While a lot of baseball writers continue to scratch their heads and furrow their brows in a vain attempt to understand the Orioles’ current situation relative to their run differential, they are missing this fundamental point – it no longer matters. The Orioles are 71-57 with 34 games remaining.  A .500 record from this point forward leaves them with 88 wins, which just might be enough wins to earn a Wild Card spot.  It doesn’t matter if the Orioles got to this point with smoke and mirrors (they didn’t) or if they were beneficiaries of an unprecedented amount of good fortune (they weren’t).  Any team in baseball – even the 2012 Astros – can go 17-17 over their final 34 games.  In fact, the Astros posted a 17-13 record in a 30 game stretch in late April and May which shows that such streaks aren’t even impossible for truly bad teams.  It is such a small sample size (21% of the season) and the bar is set low enough at .500 that it is silly to state that this feat is impossible for any team.  So even if in your heart of hearts you believe that the Orioles have been massively lucky to this point, it really doesn’t matter anymore.  That luck could dwindle but as long as they play at an average clip until the end of the season, they have a shot.  If they play a few games over .500 – which again is not a stretch by any means – their chances improve even more.
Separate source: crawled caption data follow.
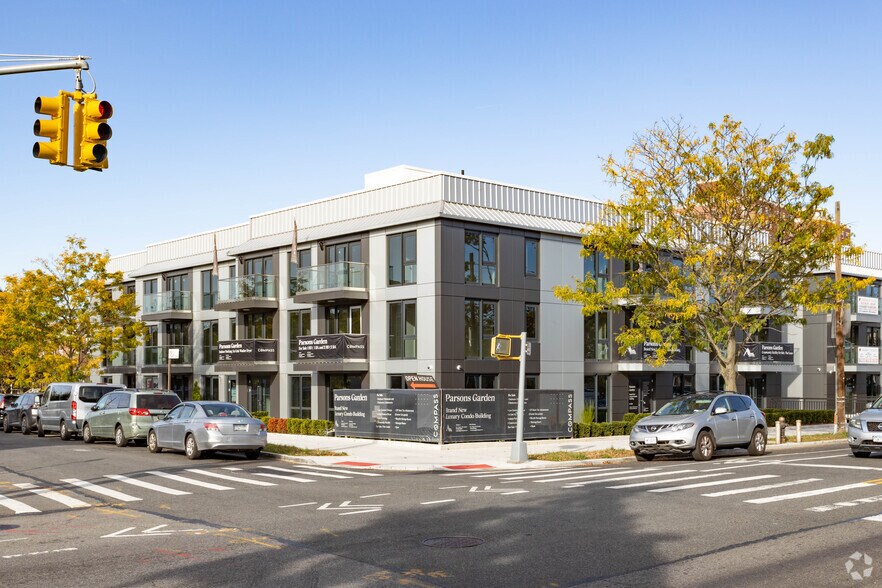 15353 77th Ave, Flushing, NY for lease - Primary Photo - Image 1 of 14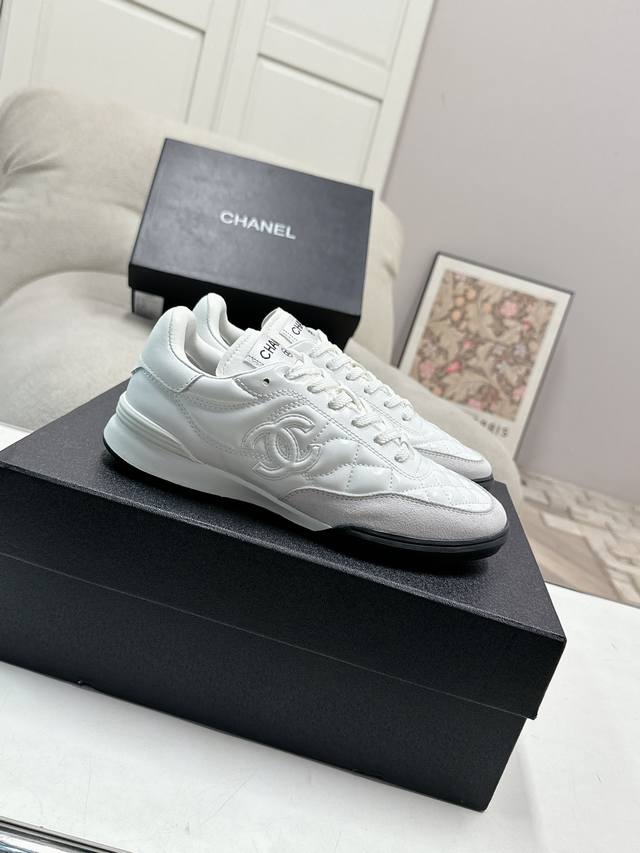 Chanel香奈儿 专柜顶级休闲款运动鞋 DDD 这款经典设计；鞋面多种工艺电绣的风格；大底却时尚运动；不平凡的拥入了多种配色元素 DDD 多元化混搭非常好看百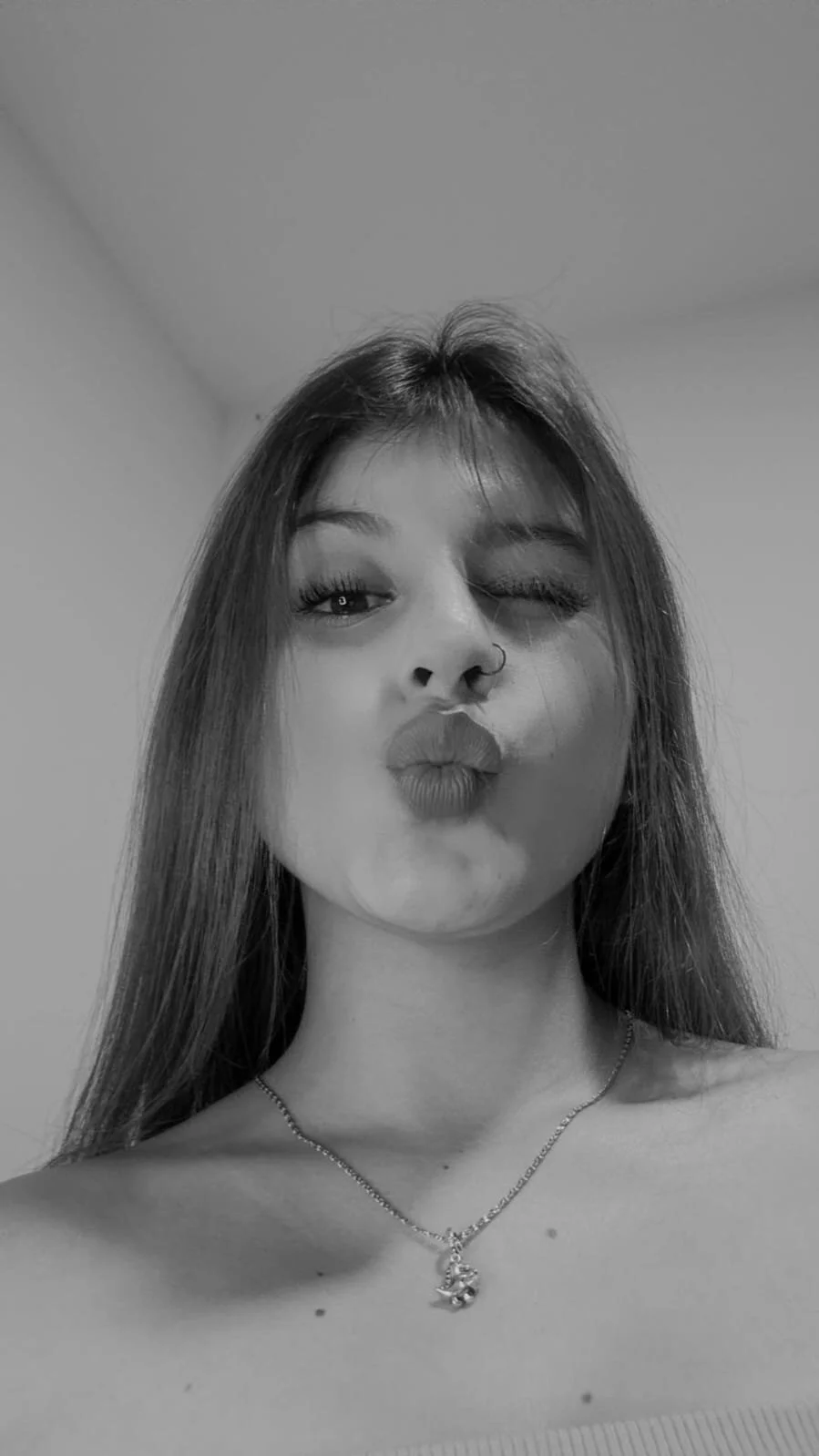 XXX Porn Photo of Nude Luu_Princess 7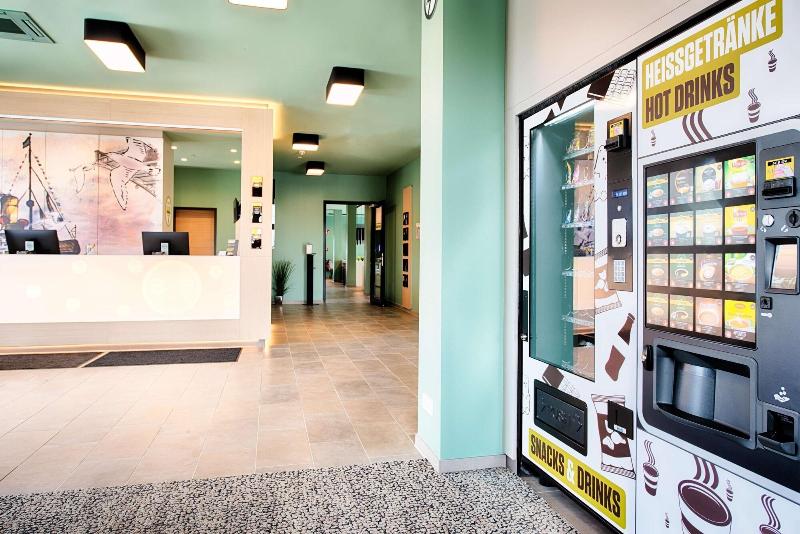 B&B Hotel Wilhelmshaven - Lobi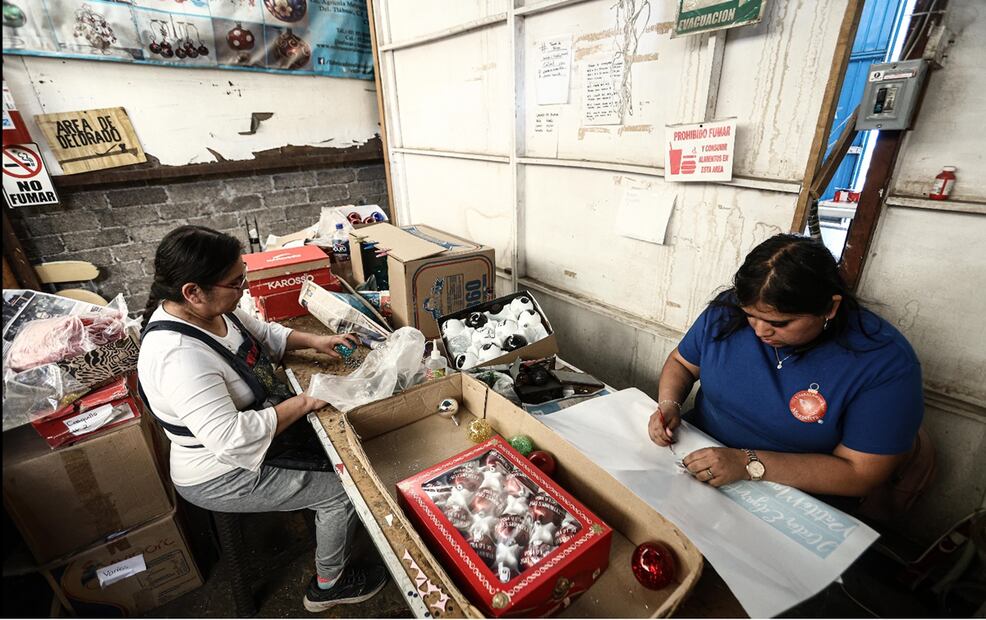 Todos los miembros de la familia son de Tláhuac y el resto de las trabajadoras son de otras alcaldías de la Ciudad, por lo que Josefina se refiere a sus productos como “esferas completamente chilangas”. Fotos: Gabriel Pano/EL UNIVERSAL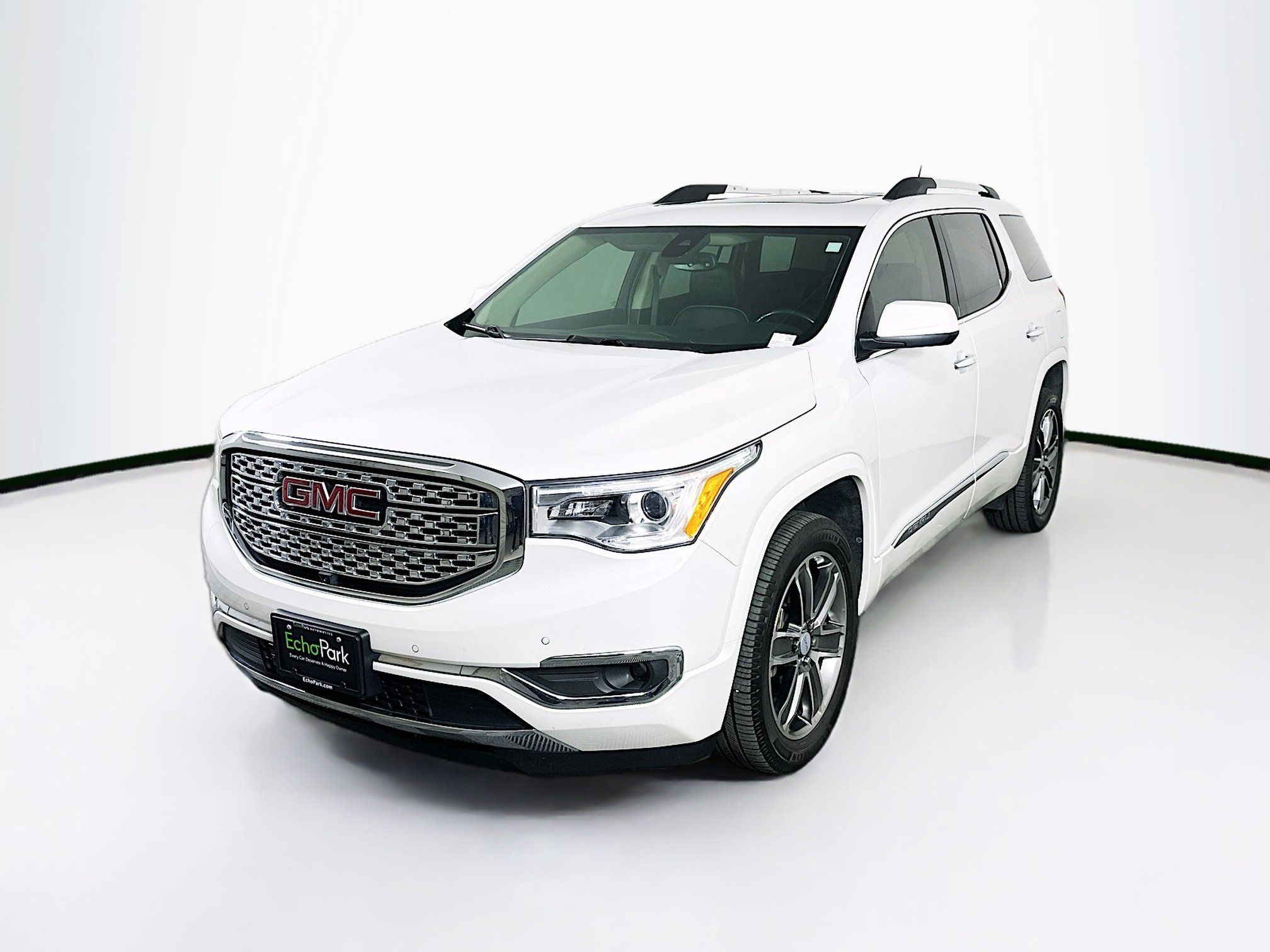 Used 2019 GMC Acadia Denali w/ Technology Package FWD image 3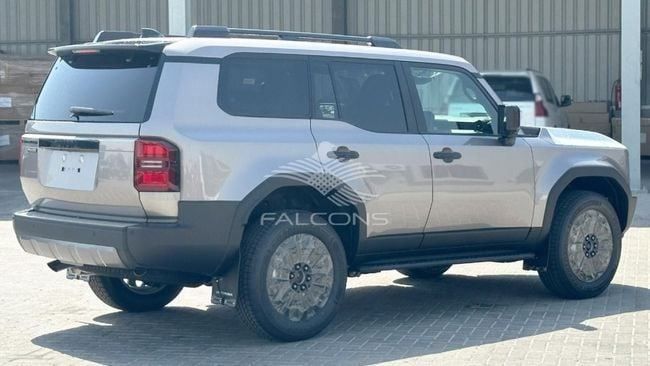 Новый Toyota Land Cruiser Prado 250 Series, 2.4 л, 2024 в Дубае от Falcons GT Motors FZCO Серебристый цвет. Европейская | AUTO.AE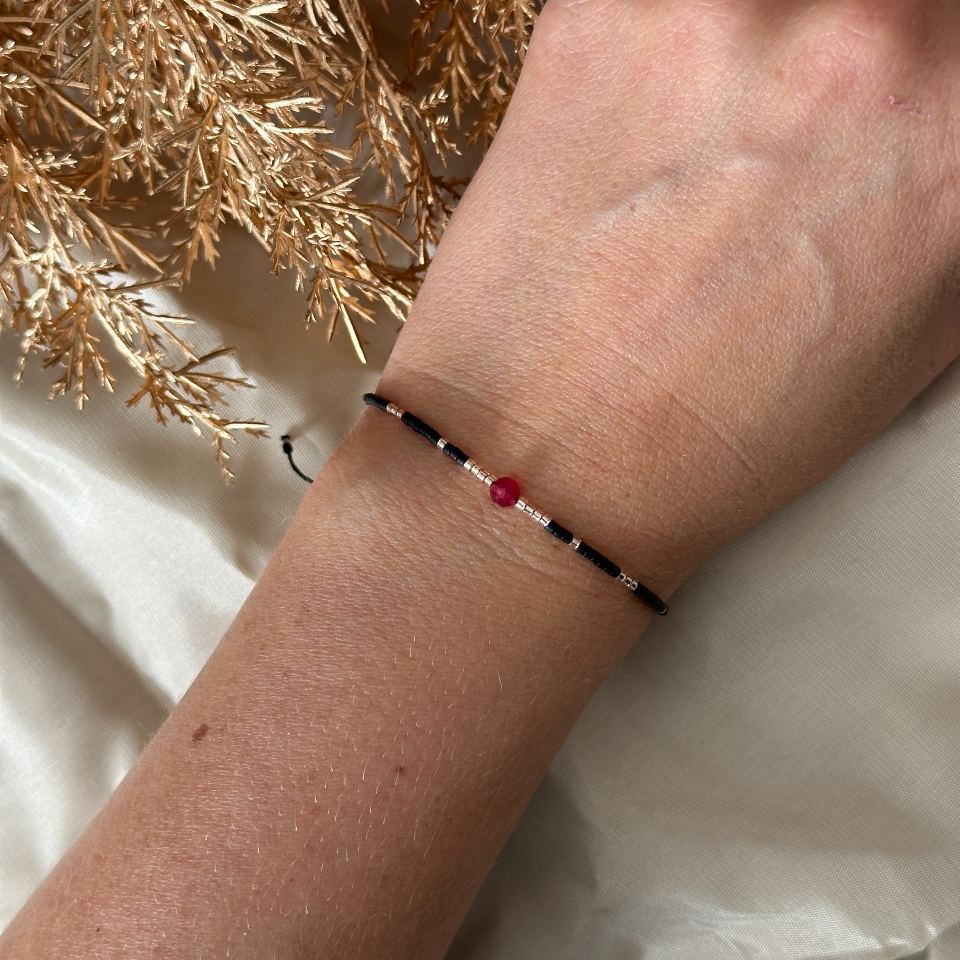 Miyuki náramek s rubínem - dárková krabička, vel. M/L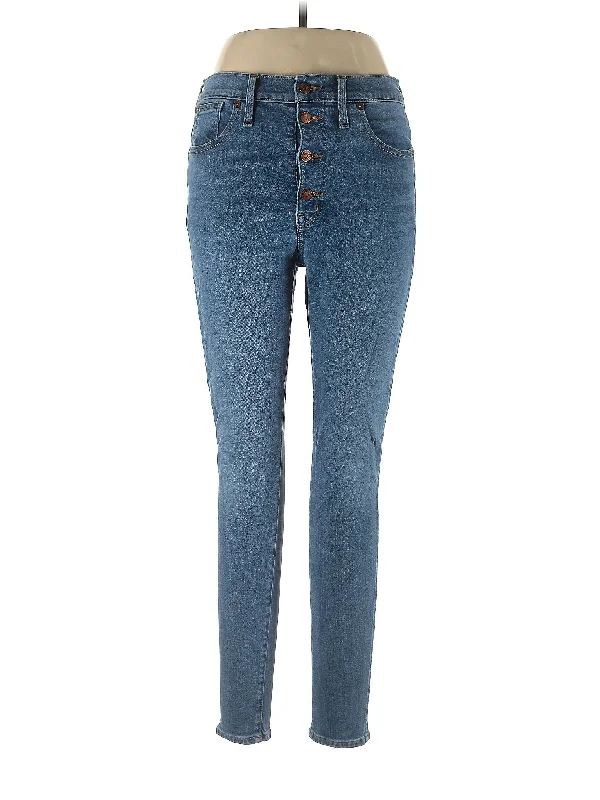 Denim jeans for casual outings like hanging out with friends or running errandsMid-Rise Skinny Jeans in Medium Wash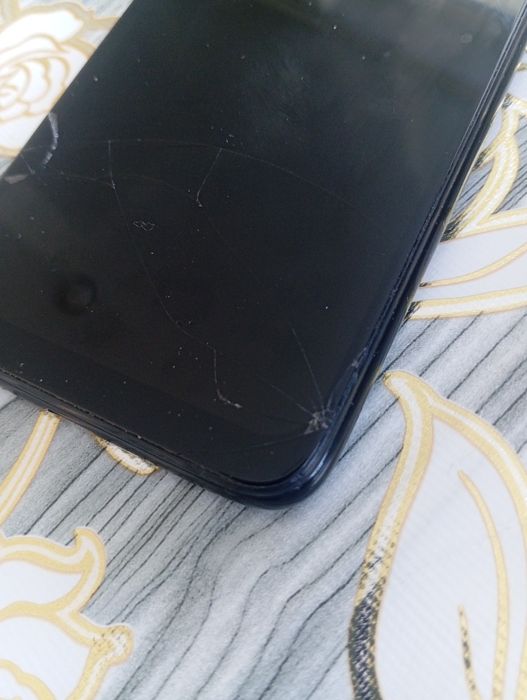 Продам смартфон Redmi Note 7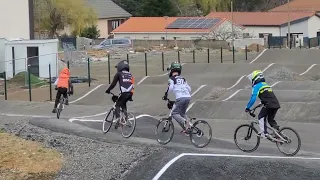 1er entraînement sur notre nouvelle piste de BMX Saint Paul Vallée du Gier 😍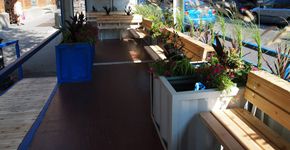 Canadenses usam parklets para dar vida nova às ruas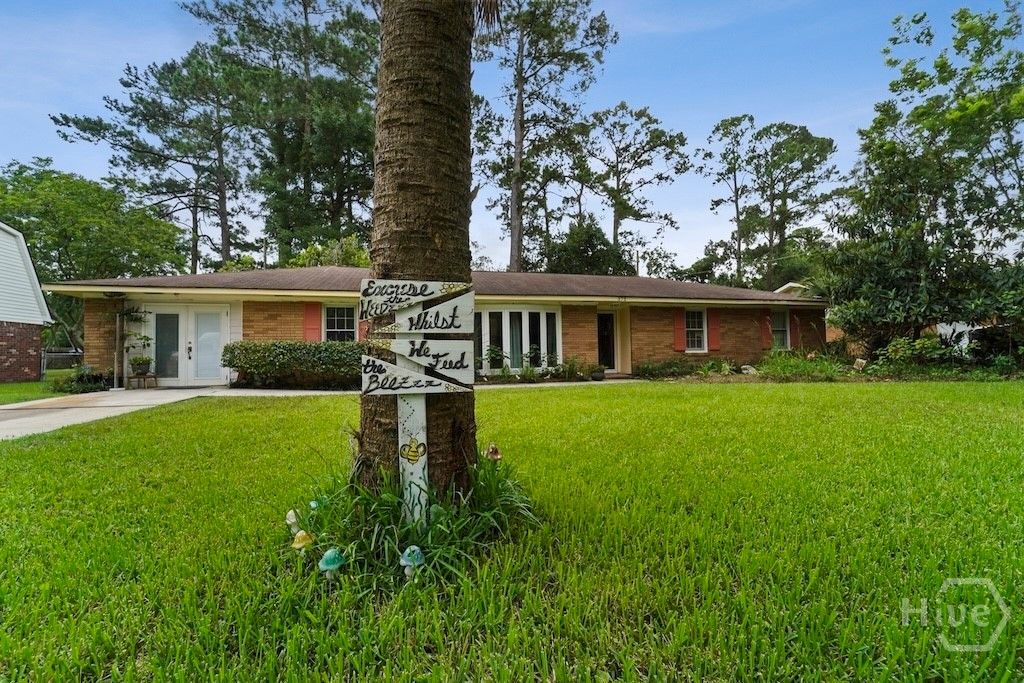 Photo of 375 EastRidge Drive, Savannah, GA 31406 (MLS # SA359435)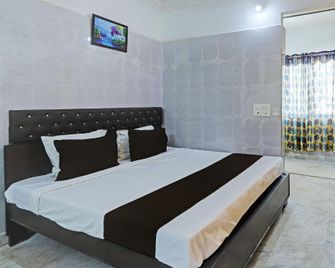 Hotel O Golden Pride - Shamshabad - Habitación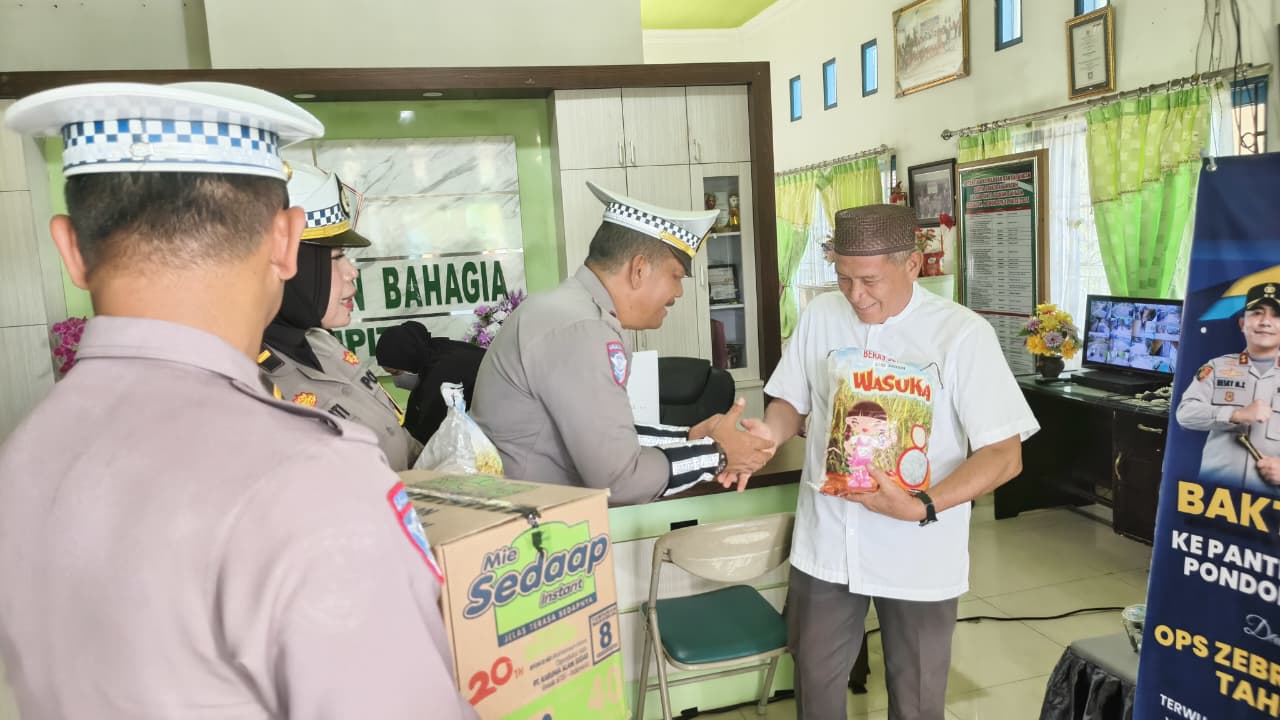 Satlantas Polres Kotim Gelar Bakti Sosial ke Panti Asuhan dan Ponpes dalam Ops Zebra Telabang 2025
In addition, what the Orioles did or did not do during the first four months of the season no longer matters because this is simply not the same team.  I mean that in the literal sense – the roster has turned over a great deal with THIRTY different players making their Orioles’ DEBUTS this season – and also in a more figurative sense.  The team that has taken the field these past two nights against the White Sox still boasts the same outstanding bullpen that they showed off in April and May.  Nearly everything else, however, is different.  The names of the starting pitchers have changed –  we have gone from Arietta/Matusz/Hunter to Tillman/Britton/Gonzalez/Saunders – but the results have changed as well.  This group has been pitching at a far higher level on a far more consistent basis for nearly two months now.  It is unfair to simply project out runs allowed or the team’s ERA and state that they can’t possible keep winning this many games with that poor level of performance.  It is unfair because they are not attempting to win games with that poor performance – the Orioles have already improved, if not fixed, the root causes for those poor pitching performances.  The starting rotation the Orioles trot out now and for the remainder of the season is in no way, shape or form the same rotation that helped dig the significant run differential hole during the first half of the season.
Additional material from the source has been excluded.